Segundo ele, esse tipo de restaurante francês é definido por ser um espaço pequeno, com a presença direta dos donos, serviço familiar e cardápio de clássicos. Mesas pequenas, estofados vermelhos, barras de latão, espelhos e gravuras originais dos anos 1930 ajudam a dar o clima do lugar. Muitos dos objetos da sua casa em São Paulo foram trazidos pessoalmente da França.

O menu combina pratos emblemáticos da culinária francesa, como confit e magret de pato e steak tartare, receitas autorais (como um wellington de pato e codorna) e preparações de memória afetiva, como a linguiça de repolho da avó.

A paleta de leitão, cozida lentamente a baixa temperatura, tornou-se um dos pratos mais populares da casa e, segundo Poletto, não pode sair do cardápio.

O resultado é uma experiência que atrai tanto clientes em busca de pratos tradicionais quanto um público de alto poder aquisitivo disposto a gastar em vinhos e ingredientes mais sofisticados.

O Bistrot de Paris mantém o selo Bib Gourmand do guia Michelin há oito anos consecutivos, único restaurante francês no Brasil a conservar essa distinção, comemora o restaurateur.
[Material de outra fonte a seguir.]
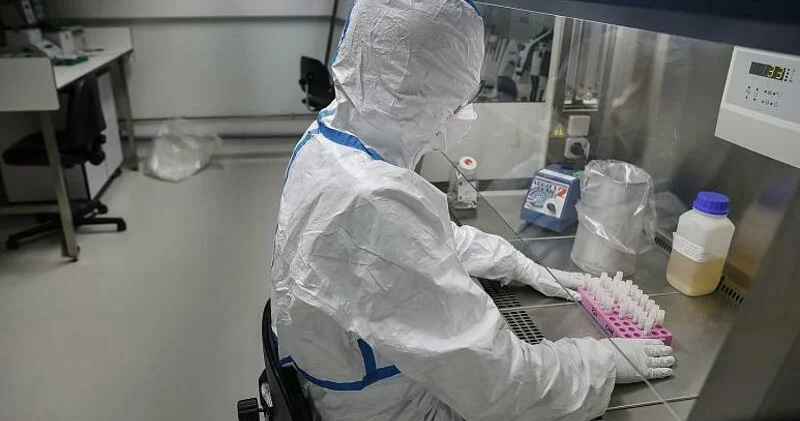 Создателя коронавируса в США лишили грантов и отстранили от работы в университете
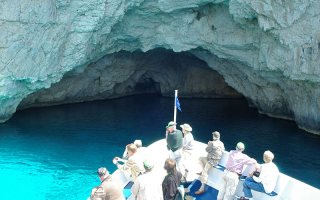 paxos-antipaxos-blue-caves-departure-from-lefkimmi-5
A casa recebe entre 4.000 e 4.500 pessoas por mês e opera com 35 funcionários. O ticket médio varia de R$ 200 no almoço a R$ 350 no jantar - e pode chegar a R$ 1.000 por pessoa em ocasiões especiais, segundo Poletto. O crescimento foi expressivo, contou. Quando começou, o gasto médio dos clientes era de R$ 90.

O motor desse resultado é uma gestão detalhista, segundo ele.

“Meu desafio é trazer um CMV todo mês o mínimo possível, porque sei que, se quero resultado positivo no fim do mês, preciso começar com o custo da mercadoria vendida”, afirmou.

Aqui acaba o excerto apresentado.